Monday, July 11, 2016

Surveying the Kingdom

Wes Anderson is one of those directors that inspires almost cult-like devotion in many film buffs. I'm certainly not in that cult, having seen only a handful of his movies -- not "hating" any of them, but not quite loving them either. Still, I'm willing to give another Anderson film a shot every now and then. Most recently, that was Moonrise Kingdom.

Crafted in Wes Anderson's signature style (which I'd categorize as "conspicuously quirky"), Moonrise Kingdom is a love story at its core. But the couple is a pair of pubescent runaways, both possessed of oddly mature personalities more "adult" than anyone else in the movie.

To whatever degree you'd consider Rushmore "realistic," this is not that kind of Wes Anderson movie. Moonrise Kingdom hews much closer to The Grand Budapest Hotel, an intentionally broad story that's as close to self-aware as you can get without crossing that line. Environments in the movie often look like miniatures until characters start interacting with them. Conversations are often filmed not in conventional "two shots," but in head-on alternating cuts that have people talking straight into the camera. Nearly everything is center framed.

The acting style is similarly off-kilter. I found it evocative of movies like Airplane! and The Naked Gun -- very earnest and serious even in situations that are objectively ridiculous. (Though I wouldn't say the movie is as "joke-centric.") It's interesting to see how different actors work within this style. Bruce Willis has played the Everyman throughout his career, and does so here without irony. Edward Norton is a notorious Method actor, leaving one to wonder how he ever reconciled that thirst for realism with such an unrealistic character. Wes Anderson favorite Bill Murray seems to be subtly winking to the audience, too cool for it all, through the entire movie. And Tilda Swinton uses the lack of realism to do what she does best: vanish into a bizarre role. The whole thing turns on the performances of the two young leads; Jared Gilman and Kara Hayward perfectly walk the line between naivete and world-weariness that this style demands, helping the whole thing feel like a light fairy tale.

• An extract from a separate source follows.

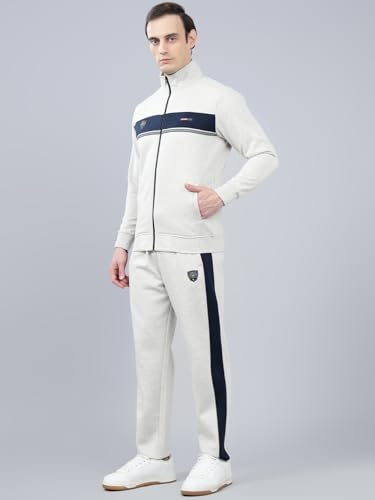 Image of Cantabil Men's Solid Winter Wear Track Suit for Men l Casual Winter Wear Tarck Suit l Track Suit for Men (P MTRS00038)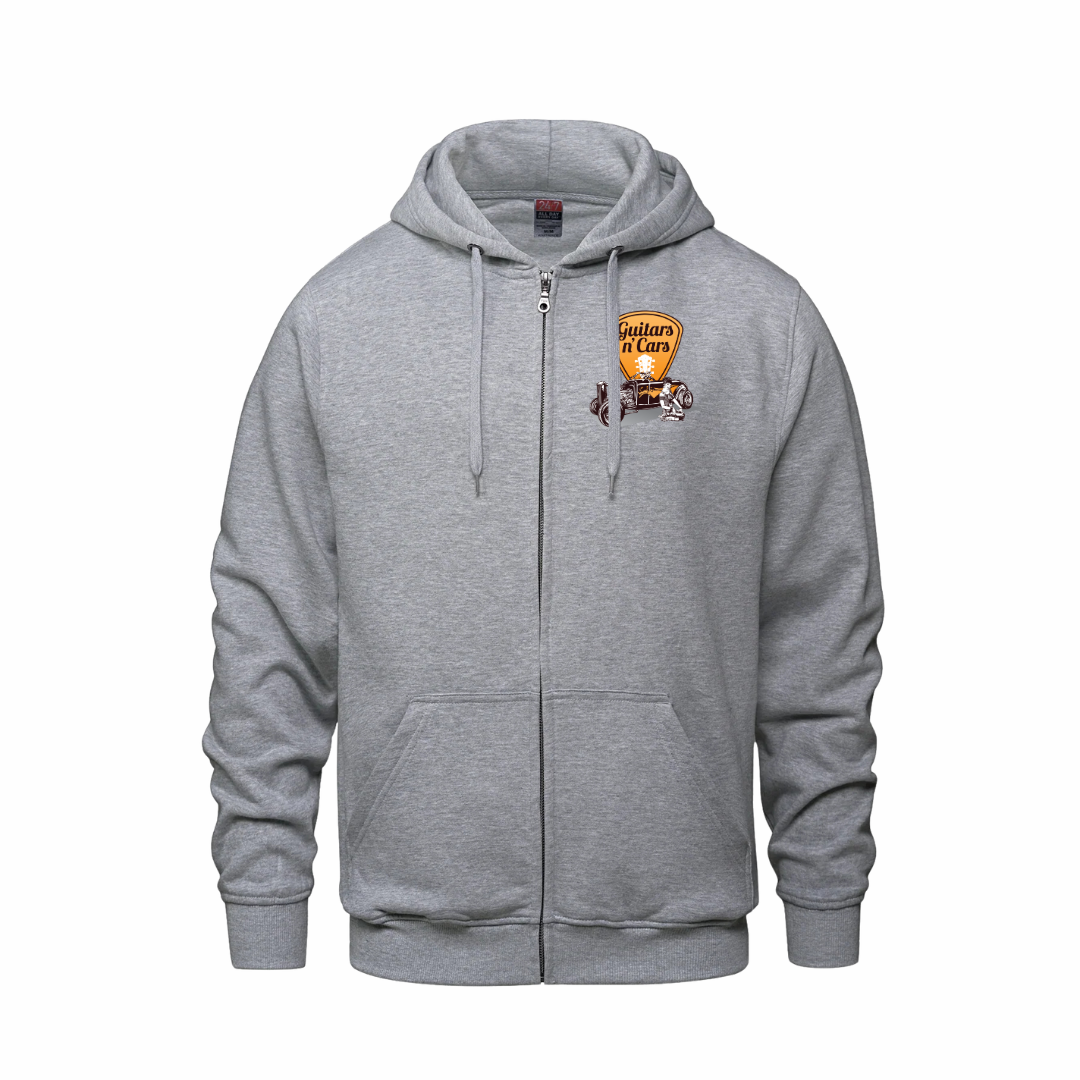 Adult Unisex Zip Hoodie – Canadian Made EH!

But light is ultimately what the movie is, despite the pronounced auteur's touch. I enjoyed it overall, though I did sometimes find myself thinking that the movie had gone quirky for quirky's sake, extolling eccentricity over story or character. I give Moonrise Kingdom a B-. It was good enough that I will try another Wes Anderson film at some point, though it certainly didn't induct me into the cult.